If you are interested in differences within cell types (e.g. between samples/conditions), you should instead run the method separately for each cell type. In this way, the background bins will be defined based on the enrichment in the given cell type, leading to better capture of the bias. The drawback, however, is that the values won’t be comparable across cell types.
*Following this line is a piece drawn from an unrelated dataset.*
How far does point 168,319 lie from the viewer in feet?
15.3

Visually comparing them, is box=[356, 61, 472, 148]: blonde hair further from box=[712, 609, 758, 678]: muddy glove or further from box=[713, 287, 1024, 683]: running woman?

To test across conditions, we also recommend using it on pseudobulk data.
The only step of the process that needs to be done across the entire
dataset is the computing of the expectation, i.e. the mean (or weighted
mean) for each region across all cells, and the creation of the
background bins, which depends on it. Everything else can easily be
executed in chunks (of cells), as is done for multi-threading in the
betterChromVAR() function. This can be done manually on the
full dataset, and then passed to downstream functions for computations
on subsets of the data:
## Creating 50*50=2500 bias bins and computing their sampling distances
Then we can apply the next steps only on subset of the data:
bg2 <- computeBackgrounds(counts[,1:3], bg, expectation = ex)
dev2 <- computeDeviationsAnalytic(counts[,1:3], bg2, motifMatches)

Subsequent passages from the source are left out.